Globale Erwärmung

Bei zwei Grad mehr versinken 136 Weltkulturstätten

Wissenschaft
05.03.2014 01:01
Der durch den Klimawandel bedingte weltweite Anstieg des Meeresspiegels bedroht nicht nur den Lebensraum von Abermillionen Menschen, sondern auch das Kulturerbe. Wie eine Studie Innsbrucker und deutscher Forscher zeigt, würde eine globale Erwärmung um zwei Grad rund ein Fünftel der UNESCO-Welterbestätten gefährden - darunter etwa die Freiheitsstatue, den Tower von London oder Venedig.

Ben Marzeion vom Institut für Meteorologie und Geophysik der Universität Innsbruck und Anders Levermann vom Potsdam-Institut für Klimafolgenforschung in Deutschland haben für einen Zeitraum von 2.000 Jahren den zu erwartenden Anstieg des Meeresspiegels modelliert und untersucht, in welchen Regionen UNESCO-Weltkulturstätten in den kommenden Jahrhunderten gefährdet sind. Ihre Ergebnisse haben sie im Fachjournal "Environmental Research Letters" veröffentlicht.

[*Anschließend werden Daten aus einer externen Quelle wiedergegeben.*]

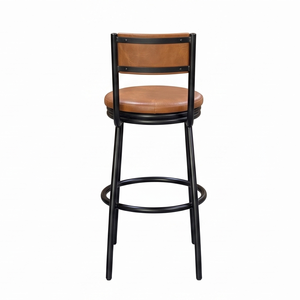 Taburete de Bar Industrial Vintage de Cuero PU con Asiento Redondo y Estructura Metálica, Silla Alta para Cafetería, Restaurante, Muebles Comerciales - Product Image 2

Schon jetzt Kulturdenkmäler in Europa bedroht
Bereits jetzt liegt die globale Durchschnittstemperatur um fast ein Grad Celsius über jener der vorindustriellen Zeit. Bleibt das so, sind weltweit bereits 40 der mehr als 750 Kulturdenkmäler (auf dem kleinen Bild sind jene von Europa zu sehen, wobei die schwarz eingekringelten schon jetzt bedroht sind), die die UNESCO derzeit auf ihrer Liste des Welterbes führt, unmittelbar vom steigenden Meeresspiegel bedroht. Sollte die Temperatur um drei Grad gegenüber dem vorindustriellen Niveau bzw. zwei Grad im Vergleich zu heute steigen, wäre rund ein Fünftel der Welterbestätten gefährdet: "136 Standorte würden dann auf lange Sicht unter dem Meeresspiegel liegen", sagt Marzeion. Gezeiten und Sturmfluten könnten aber schon sehr viel früher Folgen für die Kulturstätten haben.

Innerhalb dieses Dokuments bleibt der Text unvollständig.